Tech Selloff Intensifies as Markets Question AI Valuation; Chip Stocks Plummet Amid Profit-Taking

US stock markets shifted sharply from tech to traditional sectors on July 2–3 as investors took profits on semiconductors and questioned whether AI enthusiasm had inflated valuations too far. OpenAI was reported in talks to sell a 5% stake to the US government while Meta announced plans to monetize excess computing capacity, triggering broad declines across chipmakers and AI-related stocks.

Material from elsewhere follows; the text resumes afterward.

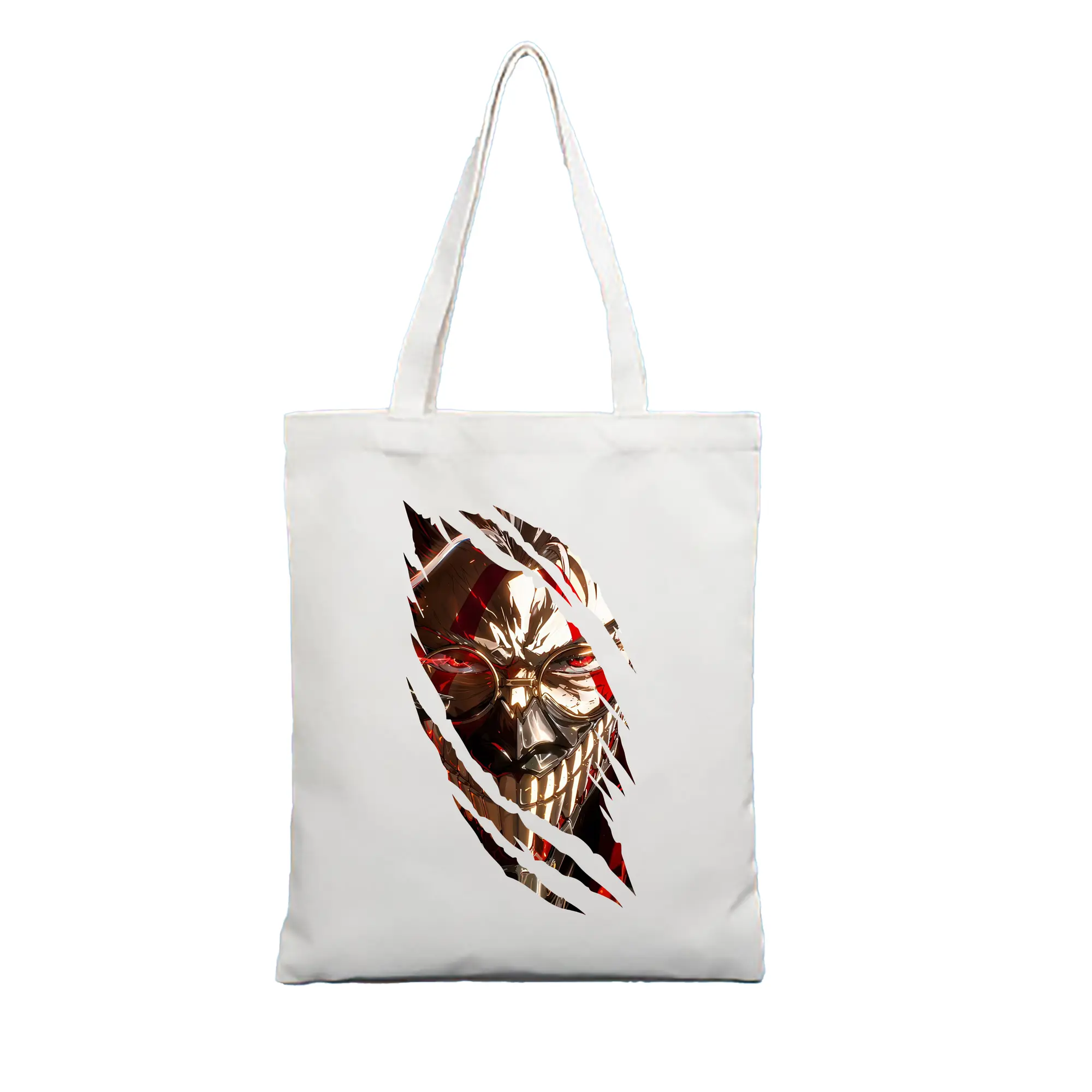 ダンダダン グッズ,オカルン - 縦型キャンバス手提げバッグ（トートバッグ） ・ キャンバス素材 ・ ショッピング用 ・ 軽量 丈夫 お手入れ簡単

Market Rotation Away from AI Boom
US stocks closed mixed on Thursday as tech volatility gripped trading ahead of the Independence Day holiday, with the S&P 500 flat and the Nasdaq 100 falling 0.8%. The shift reflected growing concerns that artificial intelligence enthusiasm had pushed valuations to unsustainable levels. Stocks in the AI trade tanked as markets continued to gauge for signs that the sector is overbought, with catalysts including reports that OpenAI started discussions about selling a 5% stake to the US government, while Meta announced it may start selling excess compute capacity, a sign that its capital expenditures were overdone.

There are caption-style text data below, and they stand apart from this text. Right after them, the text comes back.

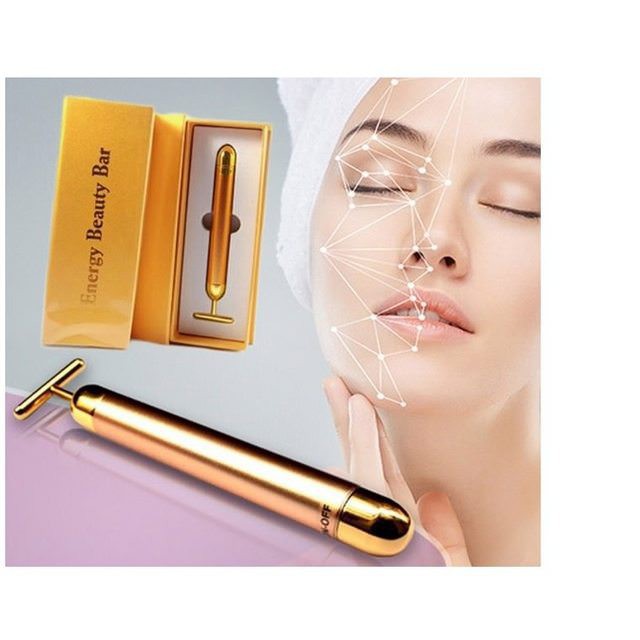 [FREESHIP] Máy massage rung đa vị trí Beauty Bar Gold 24k xả stress hiệu quả.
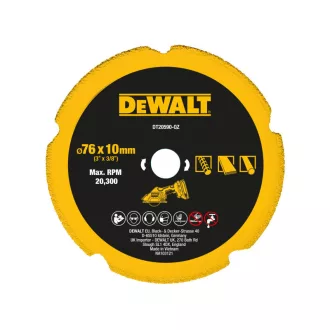   DEWALT Gyémánt vágókorong univerzális 76 x 10 x 1,0 x 1,8 mm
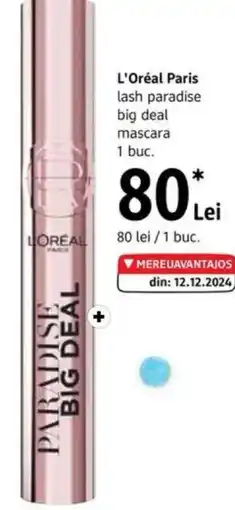 DM L'OREAL PARIS lash paradise big deal mascara Ofertă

Semiconductor Sector Leads Decline
Micron lost 7%, Marvell and Applied Materials dropped 10%, and Sandisk sank 13%. Semiconductors fell for a second day in a row, weighing on market benchmarks, with the VanEck Semiconductor ETF dropping 4.5%, led by a 13.6% decline in Teradyne and an 11.5% slide for KLA, while Nvidia shares pulled back 1.4% and Micron shares lost 5.5%. The tech-heavy Nasdaq Composite fell as investors dumped semiconductor names, taking profit after the swath of stocks surged more than 80% in the first half of 2026, with Micron tumbling more than 10% although it remained up more than 260% for the year to date.
Traditional Sectors Gain Ground
The Dow rose 300 points to another record high amid strength on traditional sectors, with Apple gaining 5% while Visa and Walmart rose over 2%. For the week, the S&P gained 1.8%, the Nasdaq added 2.1% and the Dow rose 2%.

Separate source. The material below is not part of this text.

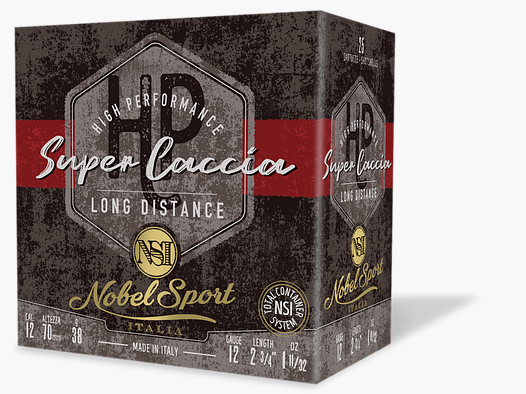 NOBEL SPORT SUPER CACCIA 38G KALIBER 12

Broader Context on Valuations
The profit-taking marks a significant reversal from the AI-driven rally that dominated markets in the first half of 2026. Analyst commentary suggests the reversion trade may have been lined up anyway but was helped by news flow, with Meta and Softbank potentially selling excess compute capacity, as Neoclouds and newer HPC entrants sold off sharply along with AI hardware and chip names. The rotation underscores investor concerns about whether promised AI productivity gains can justify current valuations.